*REQUIRED WORK*. Transcribe the full listing, keeping every word as it stands.

** MATERIAL PROVIDED follows **

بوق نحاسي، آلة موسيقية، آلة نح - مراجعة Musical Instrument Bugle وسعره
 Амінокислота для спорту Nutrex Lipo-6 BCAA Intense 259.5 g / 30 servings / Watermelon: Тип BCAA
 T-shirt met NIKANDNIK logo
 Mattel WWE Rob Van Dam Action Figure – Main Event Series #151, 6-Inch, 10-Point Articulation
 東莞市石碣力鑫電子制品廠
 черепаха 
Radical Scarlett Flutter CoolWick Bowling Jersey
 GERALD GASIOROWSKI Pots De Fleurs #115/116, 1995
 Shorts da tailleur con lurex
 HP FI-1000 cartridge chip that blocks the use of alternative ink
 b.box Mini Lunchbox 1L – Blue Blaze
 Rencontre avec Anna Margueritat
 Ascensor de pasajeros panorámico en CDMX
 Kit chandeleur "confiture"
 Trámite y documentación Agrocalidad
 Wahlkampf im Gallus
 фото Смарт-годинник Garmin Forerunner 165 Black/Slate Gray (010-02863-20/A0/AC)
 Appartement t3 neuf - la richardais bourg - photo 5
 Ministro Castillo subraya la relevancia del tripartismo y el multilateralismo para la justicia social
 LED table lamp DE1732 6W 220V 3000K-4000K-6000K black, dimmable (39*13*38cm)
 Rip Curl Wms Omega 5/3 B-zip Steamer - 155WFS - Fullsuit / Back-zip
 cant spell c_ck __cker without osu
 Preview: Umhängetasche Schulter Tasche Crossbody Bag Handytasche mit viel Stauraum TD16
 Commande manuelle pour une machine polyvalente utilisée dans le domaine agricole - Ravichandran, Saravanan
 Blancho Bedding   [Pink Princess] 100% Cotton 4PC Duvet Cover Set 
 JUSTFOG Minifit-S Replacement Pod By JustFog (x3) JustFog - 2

** End of MATERIAL PROVIDED **

*TASK RESULT*.
بوق نحاسي، آلة موسيقية، آلة نح - مراجعة Musical Instrument Bugle وسعره
 Амінокислота для спорту Nutrex Lipo-6 BCAA Intense 259.5 g / 30 servings / Watermelon: Тип BCAA
 T-shirt met NIKANDNIK logo
 Mattel WWE Rob Van Dam Action Figure – Main Event Series #151, 6-Inch, 10-Point Articulation
 東莞市石碣力鑫電子制品廠
 черепаха 
Radical Scarlett Flutter CoolWick Bowling Jersey
 GERALD GASIOROWSKI Pots De Fleurs #115/116, 1995
 Shorts da tailleur con lurex
 HP FI-1000 cartridge chip that blocks the use of alternative ink
 b.box Mini Lunchbox 1L – Blue Blaze
 Rencontre avec Anna Margueritat
 Ascensor de pasajeros panorámico en CDMX
 Kit chandeleur "confiture"
 Trámite y documentación Agrocalidad
 Wahlkampf im Gallus
 фото Смарт-годинник Garmin Forerunner 165 Black/Slate Gray (010-02863-20/A0/AC)
 Appartement t3 neuf - la richardais bourg - photo 5
 Ministro Castillo subraya la relevancia del tripartismo y el multilateralismo para la justicia social
 LED table lamp DE1732 6W 220V 3000K-4000K-6000K black, dimmable (39*13*38cm)
 Rip Curl Wms Omega 5/3 B-zip Steamer - 155WFS - Fullsuit / Back-zip
 cant spell c_ck __cker without osu
 Preview: Umhängetasche Schulter Tasche Crossbody Bag Handytasche mit viel Stauraum TD16
 Commande manuelle pour une machine polyvalente utilisée dans le domaine agricole - Ravichandran, Saravanan
 Blancho Bedding   [Pink Princess] 100% Cotton 4PC Duvet Cover Set 
 JUSTFOG Minifit-S Replacement Pod By JustFog (x3) JustFog - 2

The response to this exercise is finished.